Not by coincidence, the papers were full of rumors fueled by George that Dad was “in trouble.” For the public, George blustered about a “lack of discipline” among the players and a “lack of control of the team” by Dad, both of which were a load of bull. The reality, however, went deeper. I’m sure he’d been steaming for a year about Dad’s tongue-lashing, matchbook-throwing episode overruling his orders to play the veterans. There was also the reality that, across town, the Mets had rebuilt into a contender, acquiring Gary Carter, Keith Hernandez, and Ray Knight to go along with Darryl Strawberry and Doc Gooden. They had a holler guy manager, Davey Johnson, and were playing with a lot of hustle and excitement.

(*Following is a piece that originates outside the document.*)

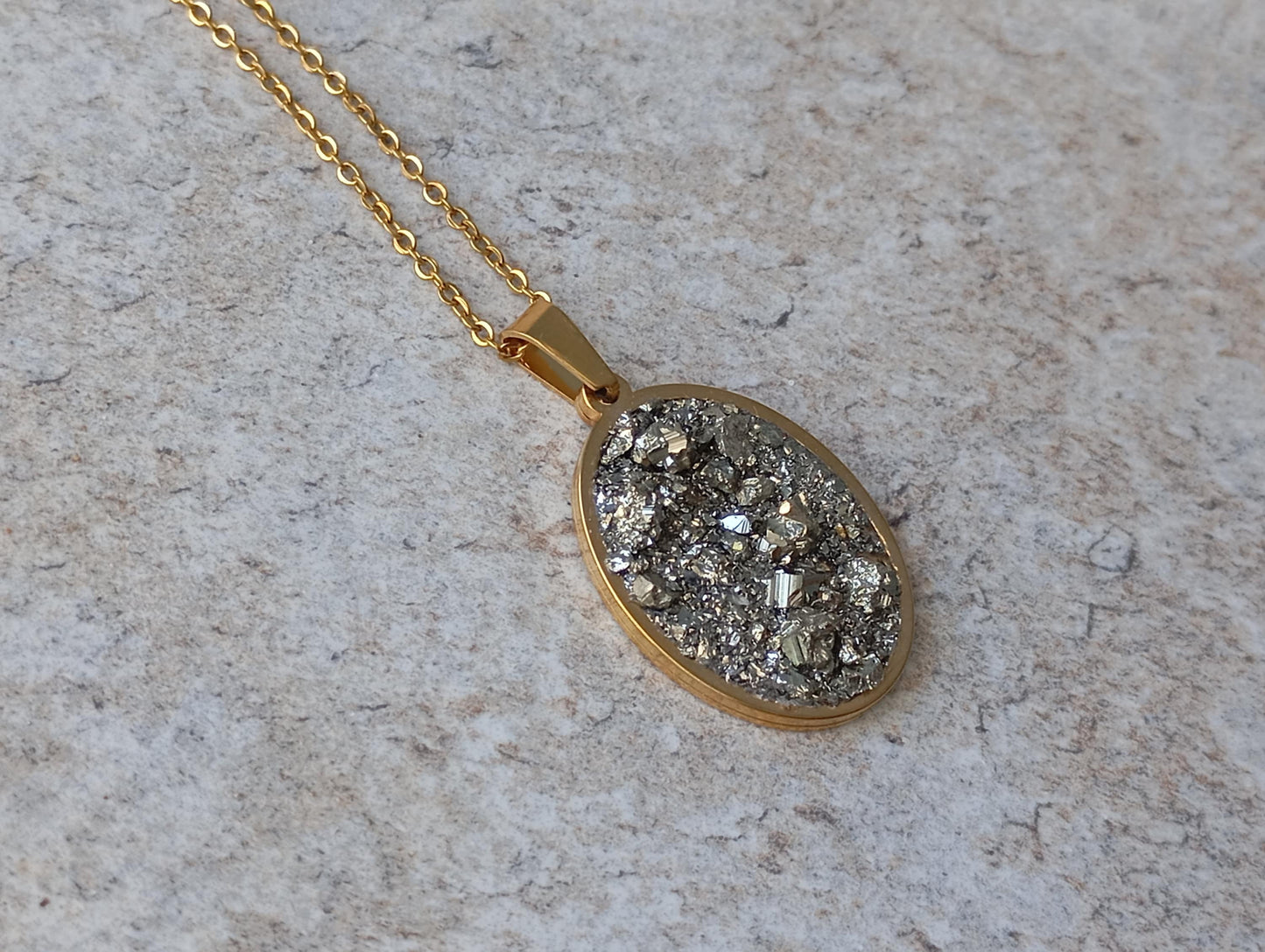 Oval cameo cabochon with Pyrite,charm pendant necklace, raw Iron pyrite Cube crystal,gem, Wealth stone, Handmade Protection Jewellery, gift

We could be just as exciting; we had Rickey, Mattingly, Winfield, and Gator. Maybe Dad wasn’t a cheerleader, but we had plenty of pride. And time. As Donnie said, “Geez, I thought maybe we were ten games back. What’s the magic number, anyway? Let us alone and let us play.” Butch Wynegar, who had signed with us as a free agent in ’83 because he dreamed of being coached by Dad, was grim. “You don’t see [George] coming out and saying something good. It seems he is always looking for something negative to talk about. It’s sad.” Said Winfield: “All the guys respect [Yogi], all the guys like him. He’s done his job. But you know how they play games around here. And they’re playing another one.” By “they,” he meant only one person.

It also didn’t go over well that George was dropping hints about bringing back Billy Martin. An anonymous veteran Yankee was quoted as saying, “We’re fed up. Everybody likes and respects Yogi. The other guy… well, when we lose, Yogi doesn’t hide in his office. He stays at the door of the clubhouse and pats us on the back.”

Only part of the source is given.